▸ ACTIVITY
Your task is to transcribe the data exactly while omitting each picture.

▸ WORKING DATA
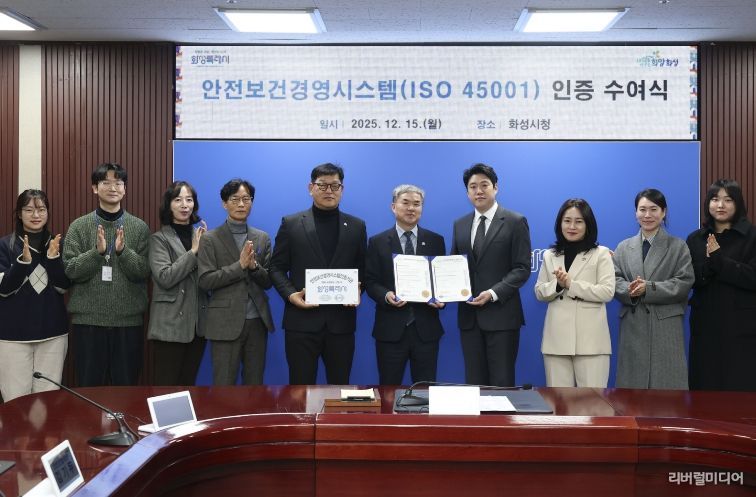 정구원 화성특례시 제1부시장 및 안상현 ISO 45001 선임 심사원 등 관계자가 안전보건경영시스템 인증식에서 기념 촬영을 하고 있다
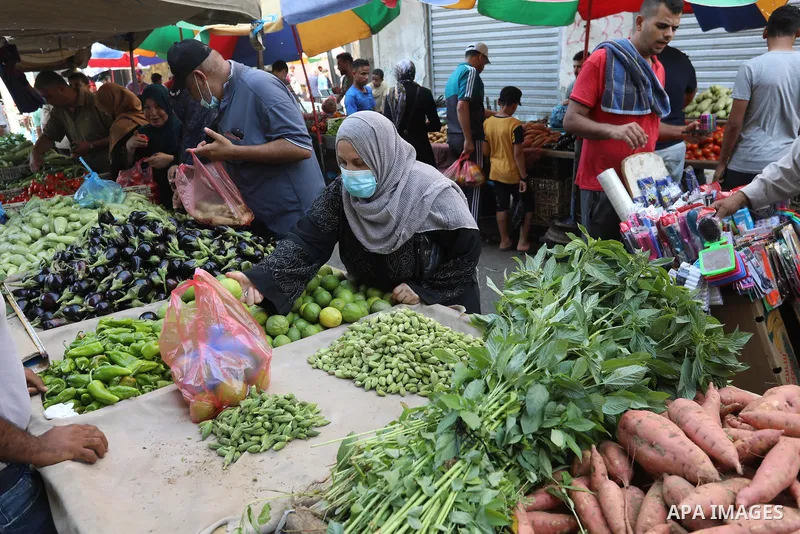 . Photo by Ashraf Amra Palestinians shop at a weekly market in Deir al-Balah in the center of Gaza Strip on June 29, 2021. The authorities in Gaza Strip decided to reopen the popular markets, after its closure, due to th...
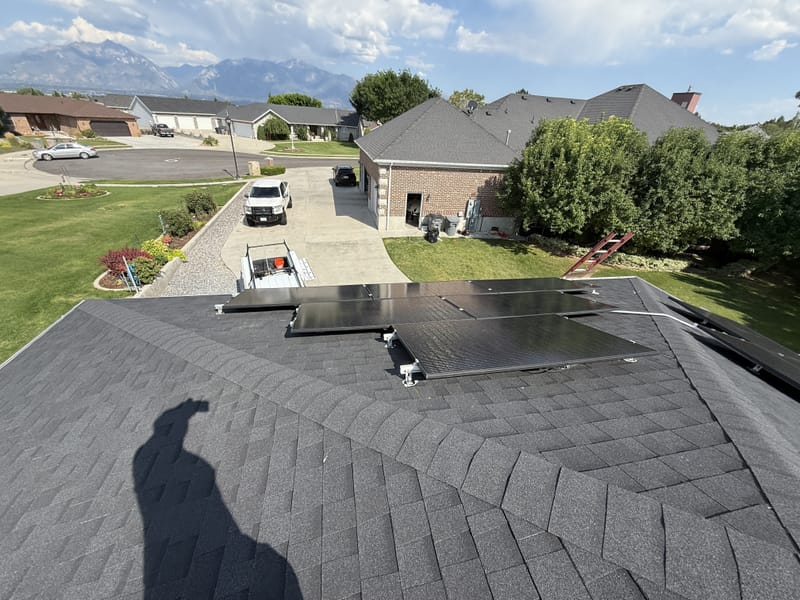 Solar panels on roof looking down to residential neighborhood with work truck and houses below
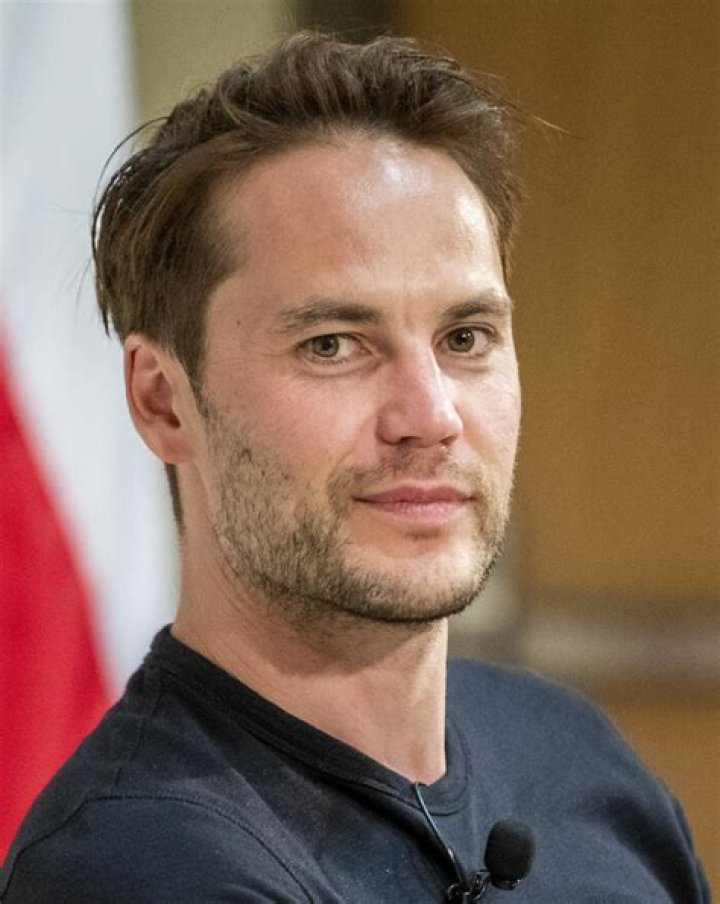 Taylor Kitsch with short hair and girlfriend with Connie Britton at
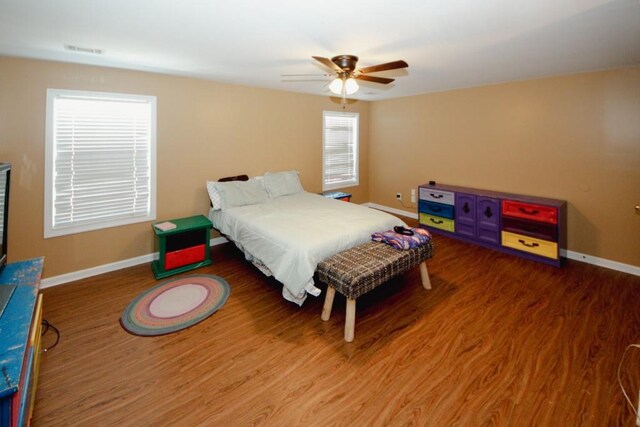 bedroom featuring a ceiling fan, visible vents, baseboards, and wood finished floors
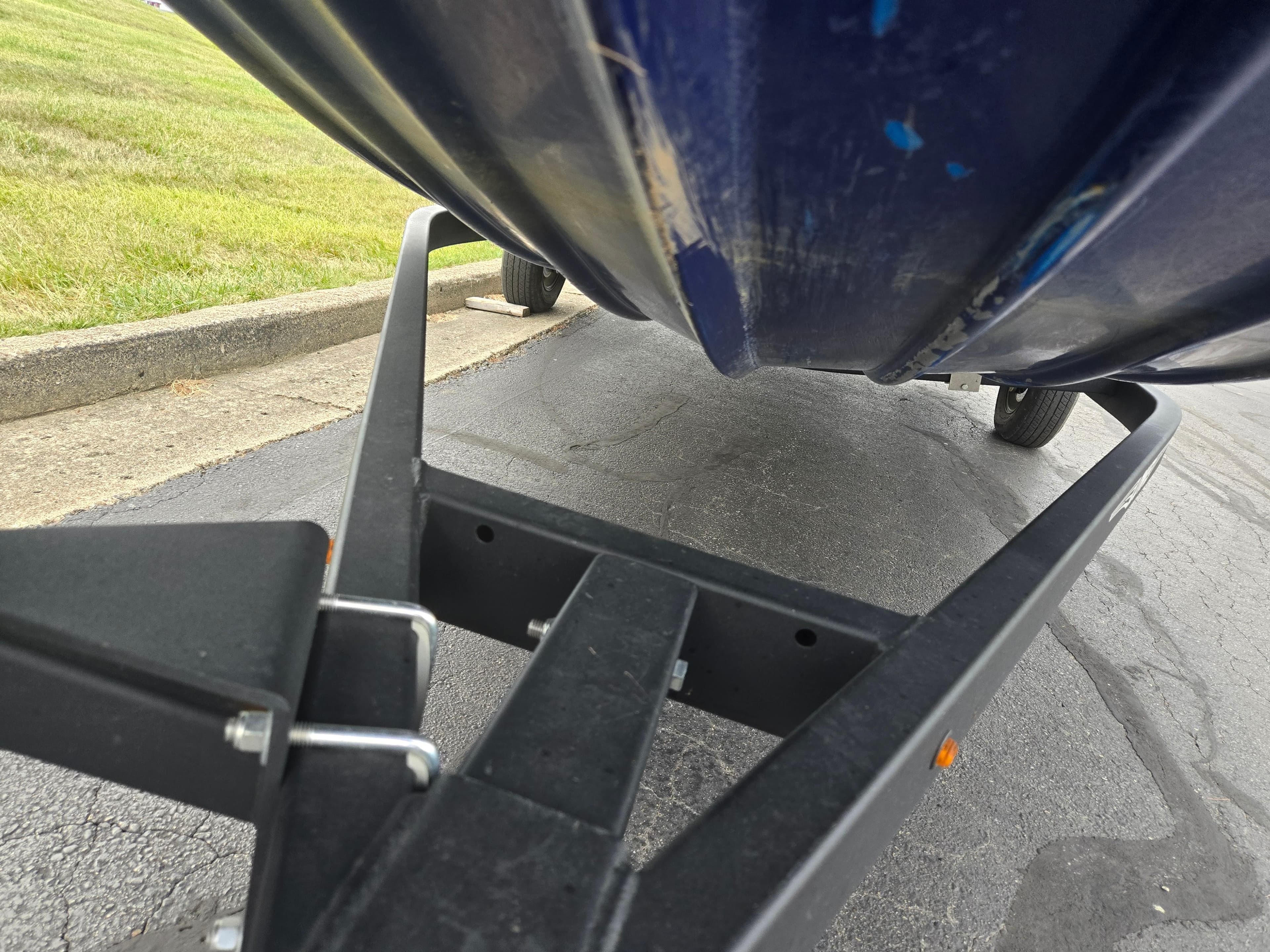 2021 Lowe Stinger 188 boat on trailer, close-up view of hull and frame.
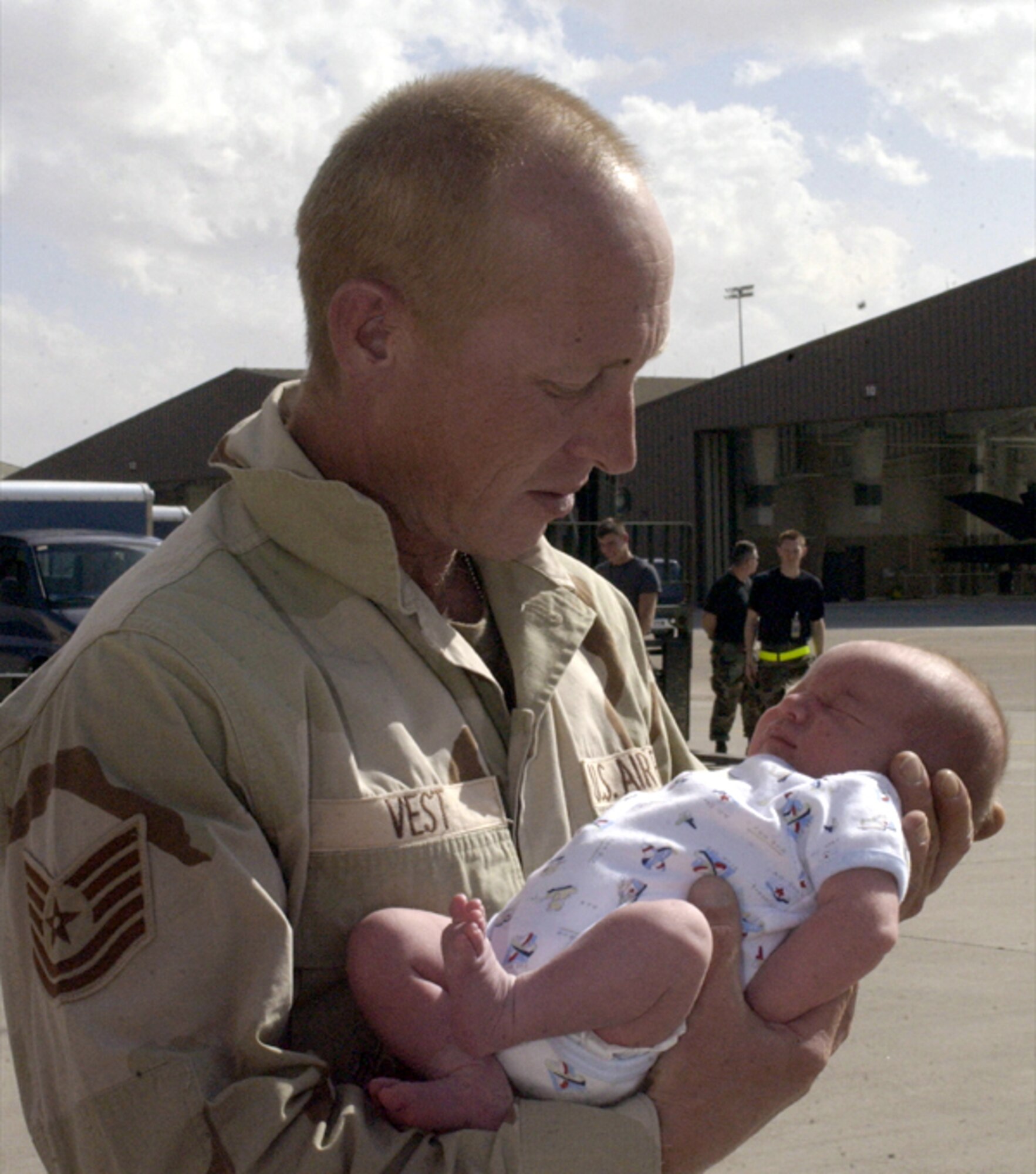 HOLLOMAN AIR FORCE BASE, N.M. -- Tech. Sgt. Joseph Vest, a support airman for the 8th Fighter Squadron here, meets his 1-week-old son, Joseph Jr., for the first time after returning from a deployment.  He was one of the airmen who returned April 17 after supporting Operation Iraqi Freedom.  About 300 people from Holloman AFB who deployed will return this month.  (U.S. Air Force photo by Airman 1st Class Vanessa LaBoy)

▸ RESPONSE FOR THIS EXERCISE
 정구원 화성특례시 제1부시장 및 안상현 ISO 45001 선임 심사원 등 관계자가 안전보건경영시스템 인증식에서 기념 촬영을 하고 있다
 . Photo by Ashraf Amra Palestinians shop at a weekly market in Deir al-Balah in the center of Gaza Strip on June 29, 2021. The authorities in Gaza Strip decided to reopen the popular markets, after its closure, due to th...
 Solar panels on roof looking down to residential neighborhood with work truck and houses below
 Taylor Kitsch with short hair and girlfriend with Connie Britton at
 bedroom featuring a ceiling fan, visible vents, baseboards, and wood finished floors
 2021 Lowe Stinger 188 boat on trailer, close-up view of hull and frame.
 HOLLOMAN AIR FORCE BASE, N.M. -- Tech. Sgt. Joseph Vest, a support airman for the 8th Fighter Squadron here, meets his 1-week-old son, Joseph Jr., for the first time after returning from a deployment.  He was one of the airmen who returned April 17 after supporting Operation Iraqi Freedom.  About 300 people from Holloman AFB who deployed will return this month.  (U.S. Air Force photo by Airman 1st Class Vanessa LaBoy)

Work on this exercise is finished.